=== Prompt ===
Among the entries, find the lines with the string "Necklace" and copy them.

Excerpts from a dataset
___

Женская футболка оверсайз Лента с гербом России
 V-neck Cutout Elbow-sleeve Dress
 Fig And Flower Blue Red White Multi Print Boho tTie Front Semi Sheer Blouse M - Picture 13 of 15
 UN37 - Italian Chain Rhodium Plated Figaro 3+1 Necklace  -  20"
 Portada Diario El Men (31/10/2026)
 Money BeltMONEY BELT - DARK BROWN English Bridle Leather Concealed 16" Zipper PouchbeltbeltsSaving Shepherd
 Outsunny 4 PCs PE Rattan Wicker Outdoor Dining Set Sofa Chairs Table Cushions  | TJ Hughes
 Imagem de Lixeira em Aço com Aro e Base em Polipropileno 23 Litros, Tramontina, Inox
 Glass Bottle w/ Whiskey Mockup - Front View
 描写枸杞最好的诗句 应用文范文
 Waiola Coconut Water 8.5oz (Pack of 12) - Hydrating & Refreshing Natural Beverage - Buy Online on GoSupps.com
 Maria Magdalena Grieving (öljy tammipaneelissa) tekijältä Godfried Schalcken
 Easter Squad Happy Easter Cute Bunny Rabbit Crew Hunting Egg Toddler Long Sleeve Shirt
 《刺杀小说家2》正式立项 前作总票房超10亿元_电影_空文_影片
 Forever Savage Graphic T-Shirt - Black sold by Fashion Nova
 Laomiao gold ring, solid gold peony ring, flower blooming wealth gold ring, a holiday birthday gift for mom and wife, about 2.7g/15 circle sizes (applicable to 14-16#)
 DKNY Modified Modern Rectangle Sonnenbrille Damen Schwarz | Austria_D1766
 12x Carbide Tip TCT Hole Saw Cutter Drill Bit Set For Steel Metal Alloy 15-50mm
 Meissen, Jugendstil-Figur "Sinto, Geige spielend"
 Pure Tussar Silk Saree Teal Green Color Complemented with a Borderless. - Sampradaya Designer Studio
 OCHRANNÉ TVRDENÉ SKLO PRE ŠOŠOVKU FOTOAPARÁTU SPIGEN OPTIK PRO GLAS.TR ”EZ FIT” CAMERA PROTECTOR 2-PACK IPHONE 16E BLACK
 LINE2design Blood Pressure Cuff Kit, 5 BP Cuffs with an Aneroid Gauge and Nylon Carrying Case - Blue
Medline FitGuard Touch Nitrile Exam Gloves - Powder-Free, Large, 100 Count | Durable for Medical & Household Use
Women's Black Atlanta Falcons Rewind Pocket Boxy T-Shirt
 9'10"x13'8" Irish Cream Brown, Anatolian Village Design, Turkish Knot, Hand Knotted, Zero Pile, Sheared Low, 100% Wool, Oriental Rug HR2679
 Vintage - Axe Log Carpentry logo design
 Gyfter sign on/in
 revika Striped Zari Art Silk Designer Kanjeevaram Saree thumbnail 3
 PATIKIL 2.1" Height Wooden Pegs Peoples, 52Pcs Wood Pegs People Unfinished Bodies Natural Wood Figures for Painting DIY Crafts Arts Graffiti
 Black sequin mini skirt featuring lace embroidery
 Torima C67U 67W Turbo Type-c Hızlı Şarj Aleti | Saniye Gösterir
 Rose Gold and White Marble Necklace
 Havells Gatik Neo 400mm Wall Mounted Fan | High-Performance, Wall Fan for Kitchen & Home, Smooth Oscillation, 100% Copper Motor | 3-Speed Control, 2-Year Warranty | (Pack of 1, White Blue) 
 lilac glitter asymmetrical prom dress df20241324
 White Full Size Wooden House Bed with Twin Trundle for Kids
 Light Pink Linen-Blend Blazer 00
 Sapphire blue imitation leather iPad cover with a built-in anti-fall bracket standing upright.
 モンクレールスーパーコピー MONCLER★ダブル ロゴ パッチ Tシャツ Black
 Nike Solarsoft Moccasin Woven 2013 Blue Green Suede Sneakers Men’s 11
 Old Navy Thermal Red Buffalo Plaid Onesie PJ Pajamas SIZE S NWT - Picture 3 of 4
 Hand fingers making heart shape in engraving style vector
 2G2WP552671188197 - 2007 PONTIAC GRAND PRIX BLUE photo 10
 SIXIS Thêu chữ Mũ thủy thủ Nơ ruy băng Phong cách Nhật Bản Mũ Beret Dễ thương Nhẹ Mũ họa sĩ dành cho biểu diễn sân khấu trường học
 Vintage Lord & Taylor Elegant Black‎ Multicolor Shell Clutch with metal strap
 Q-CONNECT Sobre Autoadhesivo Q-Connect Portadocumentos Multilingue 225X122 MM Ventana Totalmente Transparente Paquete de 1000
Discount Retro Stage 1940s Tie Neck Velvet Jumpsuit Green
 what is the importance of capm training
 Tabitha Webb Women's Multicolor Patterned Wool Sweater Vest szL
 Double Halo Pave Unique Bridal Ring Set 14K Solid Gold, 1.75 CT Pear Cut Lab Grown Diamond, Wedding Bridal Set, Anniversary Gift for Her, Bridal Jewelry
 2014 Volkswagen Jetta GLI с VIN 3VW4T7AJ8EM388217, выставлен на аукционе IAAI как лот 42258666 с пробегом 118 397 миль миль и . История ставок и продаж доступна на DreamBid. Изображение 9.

___

=== Output of the exercise ===
 UN37 - Italian Chain Rhodium Plated Figaro 3+1 Necklace  -  20"
 Rose Gold and White Marble Necklace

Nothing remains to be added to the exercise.